## Work item
Nothing but the lines from the one holding "Upholsterer holding a" to the final line of the listing below, both included, should be repeated, and each must match exactly. Omit pictures.

## Raw data
------------

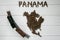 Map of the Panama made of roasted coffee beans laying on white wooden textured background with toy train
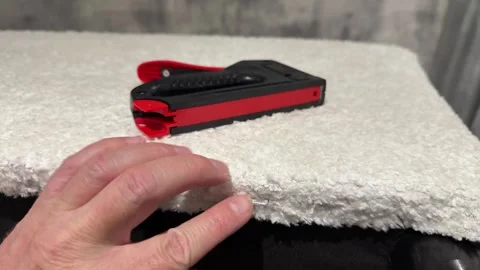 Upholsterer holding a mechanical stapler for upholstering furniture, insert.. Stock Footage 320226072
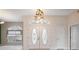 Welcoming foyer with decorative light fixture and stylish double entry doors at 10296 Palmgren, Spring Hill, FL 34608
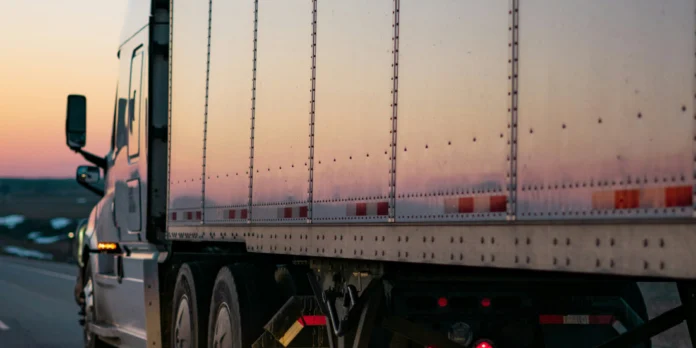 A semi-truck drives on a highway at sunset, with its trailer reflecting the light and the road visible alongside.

------------

## Answer section
 Upholsterer holding a mechanical stapler for upholstering furniture, insert.. Stock Footage 320226072
 Welcoming foyer with decorative light fixture and stylish double entry doors at 10296 Palmgren, Spring Hill, FL 34608
 A semi-truck drives on a highway at sunset, with its trailer reflecting the light and the road visible alongside.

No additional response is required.